Todavía me cuesta creer que esté recorriendo estas salas, casi sin descolgar la mochila de mi hombro, después de un viaje rápido e inesperado. Ante mis ojos desfilan evangelistas imposibles, letras que ruedan en malvas y verdes, y cruces griegas que llegaron aquí cruzando el mar. Pangur Bán, el gato blanco, caza ratones por las páginas con la misma habilidad que su escribano, sentado a su lado, caza palabras encorvado sobre su mesa. Casi resulta imposible imaginar, que hace muchos, muchos siglos, en los viejos monasterios de Irlanda, en medio del caos y las invasiones vikingas, algunos monjes mantenían a duras penas una antorcha encendida bajo la lluvia.
En momentos de incertidumbre casi cualquier destello de la memoria se convierte en un indicio. Justo en otro momento crucial de mi vida, hace ya algunos años, llegaba también a Irlanda y, poco después de saltar del autobús, me acercaba al puerto de Galway, en la desembocadura del Corrib. Al otro lado del río, comenzaban a latir las primeras luces de las tabernas del Spanish Arch y, enfrente de mí, en la bahía, se estaría poniendo el sol si es que en Irlanda hubiera soles. El puerto olía como huelen todos los puertos y una bandada de cisnes mantenía sobre el agua un blanco que allí parecía un milagro.
¿Que qué acabé haciendo en un lugar como aquél? Lo único que podía hacerse.
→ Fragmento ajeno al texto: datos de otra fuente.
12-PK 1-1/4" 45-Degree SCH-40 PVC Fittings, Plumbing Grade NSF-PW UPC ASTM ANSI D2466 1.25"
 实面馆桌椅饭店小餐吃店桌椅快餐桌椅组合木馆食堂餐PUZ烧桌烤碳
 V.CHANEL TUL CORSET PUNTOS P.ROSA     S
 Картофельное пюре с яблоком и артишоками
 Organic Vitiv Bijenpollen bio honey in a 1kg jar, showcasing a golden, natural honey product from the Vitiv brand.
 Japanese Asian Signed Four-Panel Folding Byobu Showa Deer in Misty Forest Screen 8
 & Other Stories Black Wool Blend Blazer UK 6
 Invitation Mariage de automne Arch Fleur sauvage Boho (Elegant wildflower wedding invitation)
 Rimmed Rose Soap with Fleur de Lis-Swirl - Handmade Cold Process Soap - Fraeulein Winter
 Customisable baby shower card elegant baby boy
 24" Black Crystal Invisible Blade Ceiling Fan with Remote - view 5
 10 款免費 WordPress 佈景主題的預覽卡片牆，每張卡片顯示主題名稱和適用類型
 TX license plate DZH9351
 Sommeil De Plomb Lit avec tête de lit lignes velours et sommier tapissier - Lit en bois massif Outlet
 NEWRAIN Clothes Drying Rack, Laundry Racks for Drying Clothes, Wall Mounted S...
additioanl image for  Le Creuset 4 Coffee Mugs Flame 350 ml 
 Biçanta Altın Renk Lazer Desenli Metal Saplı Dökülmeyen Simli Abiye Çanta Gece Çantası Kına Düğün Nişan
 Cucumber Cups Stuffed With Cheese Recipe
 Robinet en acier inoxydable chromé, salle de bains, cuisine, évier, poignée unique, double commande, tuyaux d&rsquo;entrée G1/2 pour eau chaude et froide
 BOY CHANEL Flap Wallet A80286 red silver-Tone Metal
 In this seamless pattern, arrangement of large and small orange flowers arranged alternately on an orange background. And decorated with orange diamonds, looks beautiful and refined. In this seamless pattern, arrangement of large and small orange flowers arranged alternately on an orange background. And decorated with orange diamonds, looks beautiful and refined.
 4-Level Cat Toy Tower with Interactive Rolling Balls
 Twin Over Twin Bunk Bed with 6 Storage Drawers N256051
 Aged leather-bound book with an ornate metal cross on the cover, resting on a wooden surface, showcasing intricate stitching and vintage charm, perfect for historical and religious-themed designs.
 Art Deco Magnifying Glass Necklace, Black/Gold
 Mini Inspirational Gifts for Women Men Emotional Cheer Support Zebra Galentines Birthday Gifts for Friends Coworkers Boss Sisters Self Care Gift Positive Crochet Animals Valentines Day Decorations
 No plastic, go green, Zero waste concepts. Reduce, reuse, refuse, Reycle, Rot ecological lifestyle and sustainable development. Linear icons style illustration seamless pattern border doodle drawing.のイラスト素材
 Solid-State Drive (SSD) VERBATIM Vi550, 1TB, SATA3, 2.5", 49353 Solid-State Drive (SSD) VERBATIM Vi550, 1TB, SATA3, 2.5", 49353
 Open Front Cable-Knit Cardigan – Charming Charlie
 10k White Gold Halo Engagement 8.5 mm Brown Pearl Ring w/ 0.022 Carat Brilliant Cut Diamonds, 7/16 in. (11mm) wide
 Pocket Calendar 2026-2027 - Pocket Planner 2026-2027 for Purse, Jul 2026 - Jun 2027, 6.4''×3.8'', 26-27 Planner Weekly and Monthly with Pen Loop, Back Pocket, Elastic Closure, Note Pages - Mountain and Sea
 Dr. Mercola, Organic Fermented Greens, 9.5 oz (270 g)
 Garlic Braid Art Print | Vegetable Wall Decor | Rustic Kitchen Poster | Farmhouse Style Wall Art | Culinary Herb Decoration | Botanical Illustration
Sobre un monolito se acababa de inaugurar una placa con el poema que Louis McNeice había dedicado a la ciudad, y allí, sentado en un banco, y tal y como el suave orbayo me lo permitía, comencé a traducirlo al leonés.
Era el septiembre de 1939 y los nazis se abatían sobre Europa. En ese rincón, en ese fin del mundo que es Galway, McNeice cantaba: La nueche yera allegre/ cola música de la lluna/ pero Marte ruxía/ sobre los montes de Clare/ Y amanecía setiembre/ sobre los salgueiros y las ruinas.
La luz, esa luz que a veces duele, vuelve a visitarme en la isla del poniente y las nubes de piedra. Aquí, en el país donde acaba la tierra y empieza el mar. A la salida del Trinity, un ligero viento despeja un trozo de cielo por un momento. Por ahí, por esa puerta, en tan solo unas horas volveré a casa cargado con una mochila y un puñado de esa luz que ahora asoma entre las nubes; de la dolorosa luz irlandesa.